Nel rispetto delle regole, sulle procedure per la sicurezza dei processi produttivi, risulta impossibile ai prodotti tunisini di accedere allo spazio europeo ma come se non bastasse il mercato tunisino viene travolto nei suoi confini da prodotti europei coi quali non riesce a competere in qualità.

In questo contesto già precario, si inseriscono le grandi multinazionali le quali piombano in Tunisia, approfittando di salari bassi e accaparrando grandi possedimenti agricoli, schiacciano la produzione dei piccoli contadini. Grandi proprietari, spesso stranieri, investimenti governativi quasi nulli, il mercato ultraliberalizzato che produce valanghe di prodotti stranieri importati, stanno soffocando l’agricoltura di tutto il Paese; nel frattempo la disoccupazione dilaga e i giovani laureati non vengono impiegati, quando sarebbero preziosissimi per rilanciare la produzione.

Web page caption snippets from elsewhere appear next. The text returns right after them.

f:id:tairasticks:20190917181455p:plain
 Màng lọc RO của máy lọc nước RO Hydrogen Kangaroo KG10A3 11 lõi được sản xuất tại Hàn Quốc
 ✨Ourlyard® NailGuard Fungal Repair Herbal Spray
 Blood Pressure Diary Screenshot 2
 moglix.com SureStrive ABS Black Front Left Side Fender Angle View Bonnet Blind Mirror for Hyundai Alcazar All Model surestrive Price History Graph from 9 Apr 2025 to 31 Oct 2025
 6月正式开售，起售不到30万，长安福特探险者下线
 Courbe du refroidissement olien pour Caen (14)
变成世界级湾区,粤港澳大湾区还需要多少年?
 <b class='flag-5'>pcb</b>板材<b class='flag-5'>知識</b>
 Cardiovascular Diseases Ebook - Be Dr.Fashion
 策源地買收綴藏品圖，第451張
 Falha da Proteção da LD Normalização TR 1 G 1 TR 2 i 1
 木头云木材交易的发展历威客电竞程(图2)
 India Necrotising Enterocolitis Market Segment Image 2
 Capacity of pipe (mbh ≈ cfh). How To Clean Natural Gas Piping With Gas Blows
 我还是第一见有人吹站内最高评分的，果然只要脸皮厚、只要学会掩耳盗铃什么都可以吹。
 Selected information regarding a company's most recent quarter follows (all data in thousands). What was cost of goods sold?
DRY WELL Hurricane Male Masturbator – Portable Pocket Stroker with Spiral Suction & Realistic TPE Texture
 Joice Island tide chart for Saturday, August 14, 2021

La globalizzazione sta annientando l'agricoltura mondiale

Il Fondo monetario internazionale, nel frattempo, non smette di fare il suo lavoro spesso sporco: gli stipendi pubblici dei tunisini devono restare congelati, non devono aumentare, e ciò implica che la domanda interna per beni nazionali si deprime. Nel 1995 la Tunisia siglò con la Ue un accordo per creare l’ennesima area di libero scambio e “integrare” l’economia tunisina: l’effetto è stato che la società civile si è opposta, preoccupata naturalmente che i prodotti europei possano essere devastanti per la produzione nazionale.

I primi sono sovvenzionati meglio e hanno maggior forza economica nonché produttiva, mentre quelli tunisini assolutamente no; servirebbero secondo alcuni più di dieci anni per mettere al passo il sistema agricolo tunisino.

Forse è pura utopia: le armi dello scontro sono chiaramente impari e il Fondo monetario internazionale sembra esser più avaro di Scrooge. Con quali fondi e quali conoscenze approfondite si potrà mai realizzare questo piano? La globalizzazione, affondando, schiaccia sotto i suoi elefantiaci e assurdi postulati tutti, senza fare differenza.